На обратном пути в Пемберли Уильям безостановочно болтал с Джорджиной. Китти, как ни странно, молчала. Откинувшись на спинку сиденья, она закрыла глаза и казалась утомленной, почти подавленной. Что до Мэри, то она не без удовольствия вспоминала прошедшее утро, в особенности те часы, которые провела в обществе Виктора.
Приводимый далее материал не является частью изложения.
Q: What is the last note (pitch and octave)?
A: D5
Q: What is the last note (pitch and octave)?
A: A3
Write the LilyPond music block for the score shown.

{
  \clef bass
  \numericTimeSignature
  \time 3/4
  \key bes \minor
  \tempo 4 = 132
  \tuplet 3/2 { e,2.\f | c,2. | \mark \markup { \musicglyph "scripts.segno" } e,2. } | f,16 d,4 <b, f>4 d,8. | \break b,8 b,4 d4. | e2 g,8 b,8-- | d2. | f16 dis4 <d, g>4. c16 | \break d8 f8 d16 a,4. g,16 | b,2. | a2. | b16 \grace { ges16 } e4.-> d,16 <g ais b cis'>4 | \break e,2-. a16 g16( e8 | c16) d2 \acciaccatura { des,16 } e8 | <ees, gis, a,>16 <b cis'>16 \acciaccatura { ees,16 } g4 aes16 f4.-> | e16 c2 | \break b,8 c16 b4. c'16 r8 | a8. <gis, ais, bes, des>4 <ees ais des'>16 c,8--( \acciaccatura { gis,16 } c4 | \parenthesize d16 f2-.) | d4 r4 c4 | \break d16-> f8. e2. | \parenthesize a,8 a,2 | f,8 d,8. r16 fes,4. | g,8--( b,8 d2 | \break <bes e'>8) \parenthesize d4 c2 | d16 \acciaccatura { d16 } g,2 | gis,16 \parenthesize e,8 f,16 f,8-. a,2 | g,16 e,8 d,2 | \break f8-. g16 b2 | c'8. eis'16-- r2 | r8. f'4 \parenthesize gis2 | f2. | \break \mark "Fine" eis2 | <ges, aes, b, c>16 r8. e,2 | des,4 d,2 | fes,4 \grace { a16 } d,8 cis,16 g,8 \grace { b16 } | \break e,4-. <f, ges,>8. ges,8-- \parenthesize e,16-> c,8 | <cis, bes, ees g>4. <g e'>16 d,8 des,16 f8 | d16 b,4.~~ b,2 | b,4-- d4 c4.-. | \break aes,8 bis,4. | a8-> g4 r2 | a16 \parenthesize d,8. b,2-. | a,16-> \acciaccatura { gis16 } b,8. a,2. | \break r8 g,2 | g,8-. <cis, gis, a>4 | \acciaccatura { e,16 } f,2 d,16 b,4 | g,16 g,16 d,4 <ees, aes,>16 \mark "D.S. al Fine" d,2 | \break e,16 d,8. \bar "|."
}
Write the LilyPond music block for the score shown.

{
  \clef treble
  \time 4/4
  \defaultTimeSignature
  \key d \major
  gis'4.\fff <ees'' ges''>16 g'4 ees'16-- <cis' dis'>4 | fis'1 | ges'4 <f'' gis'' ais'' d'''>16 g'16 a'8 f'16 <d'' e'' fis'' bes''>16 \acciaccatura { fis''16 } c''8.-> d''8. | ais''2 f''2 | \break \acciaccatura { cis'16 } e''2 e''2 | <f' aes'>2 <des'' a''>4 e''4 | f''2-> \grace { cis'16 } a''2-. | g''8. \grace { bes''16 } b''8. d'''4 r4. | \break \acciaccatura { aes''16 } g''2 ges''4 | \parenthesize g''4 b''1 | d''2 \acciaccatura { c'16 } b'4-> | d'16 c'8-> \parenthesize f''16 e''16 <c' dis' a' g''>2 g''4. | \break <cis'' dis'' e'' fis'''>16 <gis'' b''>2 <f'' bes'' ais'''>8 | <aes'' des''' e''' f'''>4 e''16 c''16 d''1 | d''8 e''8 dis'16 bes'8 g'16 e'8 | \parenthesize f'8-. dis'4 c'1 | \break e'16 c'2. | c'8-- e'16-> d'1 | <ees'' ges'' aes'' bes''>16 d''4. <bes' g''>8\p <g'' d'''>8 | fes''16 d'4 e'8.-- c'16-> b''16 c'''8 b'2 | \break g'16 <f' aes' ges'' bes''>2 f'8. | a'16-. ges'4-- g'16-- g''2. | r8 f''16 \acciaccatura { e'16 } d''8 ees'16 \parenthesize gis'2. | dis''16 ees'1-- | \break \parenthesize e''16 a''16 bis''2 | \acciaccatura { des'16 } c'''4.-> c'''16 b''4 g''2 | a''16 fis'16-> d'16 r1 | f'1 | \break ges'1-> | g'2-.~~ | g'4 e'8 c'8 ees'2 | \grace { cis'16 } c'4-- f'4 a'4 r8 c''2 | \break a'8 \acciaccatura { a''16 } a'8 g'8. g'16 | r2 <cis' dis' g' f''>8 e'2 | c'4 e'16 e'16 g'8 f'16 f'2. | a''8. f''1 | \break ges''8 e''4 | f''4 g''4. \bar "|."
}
Сочувствие, которое он возбудил в ней еще в Лондоне, за сегодня еще больше окрепло, однако Мэри по-прежнему не знала, что означает глубокая печаль, то и дело мелькавшая в его глазах, и периоды мрачного молчания, в которые он погружался совершенно внезапно, вне зависимости от темы беседы. Пока ей было ясно только одно: Виктор носит в душе какое-то тяжкое бремя. Возможно, ее мать была права, и Франкенштейн вовсе не любил кузину, на которой должен был жениться. Не исключено, что в Англию он бежал именно от нее, а вовсе не потому, что ему нужно было закончить какие-то исследования. Что же касалось их сегодняшней встречи, то и она не казалась Мэри случайной. Она была убеждена, что сама судьба свела их в музее.
За ужином Китти рассказала Дарси и Элизабет о том, что в городе они встретились с двумя старыми знакомыми. После еды Мэри отозвала старшую сестру в сторонку и попросила — если это не будет слишком обременительно — пригласить Клерваля и Франкенштейна к ужину.
— Вот так новости!.. — удивленно воскликнула Лиззи. — Я ожидала подобного от Китти, но никак не от тебя. Насколько я помню, ты еще никогда не просила пригласить в Пемберли кого-нибудь из молодых людей.
— Просто я никогда не встречала такого человека, как мистер Франкенштейн, — ответила Мэри.
— Что вы думаете о здешних горячих источниках? — спросила Мэри Клерваля, который сидел за столом прямо напротив нее. — Местные жители утверждают, что их целебные воды способны воскрешать мертвых.
— Должен признаться, — с улыбкой ответил Клерваль, — что я так ни разу и не окунулся. Виктор не верит в чудодейственную силу мэтлокских купаний.
Мэри повернулась к Франкенштейну, надеясь втянуть в разговор и его, но, увидев выражение лица молодого человека, осеклась. Казалось, он был чем-то сильно напуган или расстроен.
Стол, накрытый белоснежной камчатной скатертью, был уставлен дорогим фарфором и хрусталем. В самом центре возвышался затейливый серебряный канделябр со свечами лучшего белого воска. Помимо членов семьи и гостей за столом присутствовал и местный приходской священник, преподобный Чатсуорт, которого Элизабет и Дарси пригласили, дабы уравнять количество мужчин и женщин.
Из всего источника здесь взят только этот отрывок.